High-precision Real-time Object Detection Based on Bird's Eye Viewfrom 3D Point Clouds

  • 摘要: 针对基于3维点云的目标检测问题,提出了一种高精度实时的单阶段深度神经网络,分别在网络特征提取、损失函数设计和训练数据增强等3个方面提出了新的解决方案.首先对点云直接进行体素化来构建鸟瞰图.在特征提取阶段,使用残差结构提取高层语义特征,并融合多层次特征输出稠密的特征图.在回归鸟瞰图上的目标框的同时,在损失函数中考虑二次偏移量以实现更高精度的收敛.在网络训练中,使用不同帧3维点云混合的方式进行数据增强,提高网络的泛化性能.基于KITTI鸟瞰图目标检测数据集的实验结果表明,本文提出的网络仅使用雷达点云的位置信息,在性能上不仅优于目前最先进的鸟瞰图目标检测网络,而且优于融合图像和点云的检测方案,且整个网络运行速度达到20帧/秒,满足实时性要求.


    Abstract: For the problem of object detection from 3D point clouds, a high-precision and real-time single-stage deep neural network is proposed, which includes new solutions in three aspects: network feature extraction, loss function design and data augmentation. Firstly, the point clouds are directly voxelized to build a bird's eye view (BEV). In the step of feature extraction, the residual structure is used to extract high-level semantic features, and the multi-level features are combined to output dense feature map. While regressing the bounding boxes of objects from the BEV, the quadratic offset is considered in the loss function to achieve the convergence with higher precision. In training process, data augmentation is adopted by mixing 3D point clouds from different frames to improve the generalization of the network.

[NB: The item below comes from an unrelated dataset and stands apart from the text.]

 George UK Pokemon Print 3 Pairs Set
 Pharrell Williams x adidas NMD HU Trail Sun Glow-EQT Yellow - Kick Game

The experimental results based on the KITTI BEV object detection dataset show that the proposed network only using the position information of the lidar point cloud, is not only better than the state-of-the-art BEV object detection network in performance, but also outperforms the methods that fuse images and point clouds. And the speed of the entire network reaches 20 frame/s, which meets the real-time requirement.